Because we tend towards individualism today, we tend to focus on instant gratification in a way which is wasteful and are unable to think of how our actions exclude or harm the poorest.
Conclusion
Chapter IV actually sets a moral framework for our consideration on all issues—not only for the environment. In pointing out the moral considerations we need to make, we see he advocates nothing that his detractors allege. He rejects the idea of imposing an attempt to cure the situation that does not consider the impact on all aspects of life. Going along with the previous chapters, we see that the forms of environmentalism that his detractors claim he is advocating are actually rejected.

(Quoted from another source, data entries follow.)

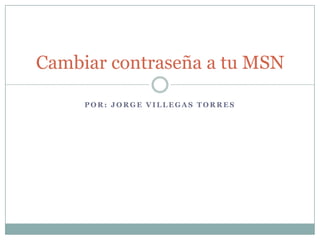 Por: Jorge Villegas Torres Cambiar contraseña a tu MSN 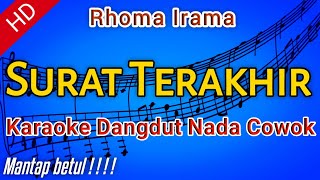 Surat Terakhir Rhoma Irama - Karaoke Original | by Mif korg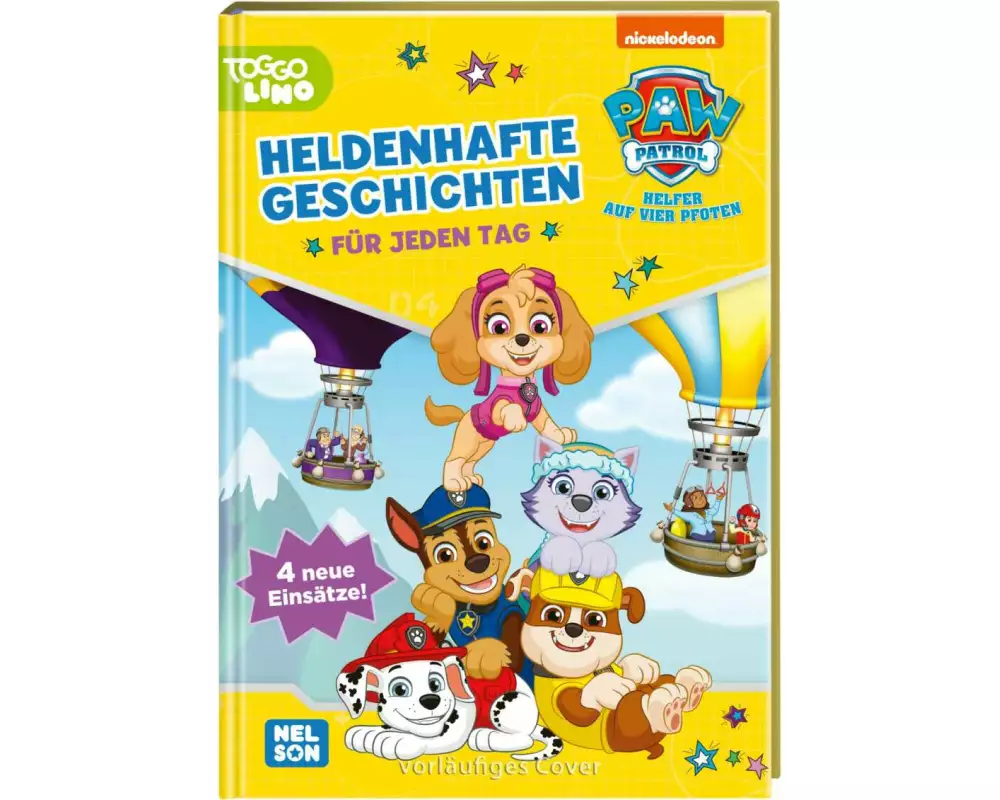 PAW Patrol Geschichtenbuch: Heldenhafte Geschichten für jeden Tag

Whether we are choosing a to do a thing or choosing to correct the damage, we have to think about the impact it will have on different groups—including human groups, and especially the family. It’s when we refuse to do this that we cause harm. We use the home of a people as a nuclear testing ground, we develop efficient ways to produce a thing without considering how the materials will effect people and the environment in the future (asbestos as a flame retardant) on one hand, and we develop environmental policies that are harmful to communities to repair the damage, never considering how they impact people or how people might respond to them when considered a threat.
Like every other aspect of moral theology, we need to consider the harm our actions can do, and not simply focussing on a technocratic, “thintelligent” way of looking at things.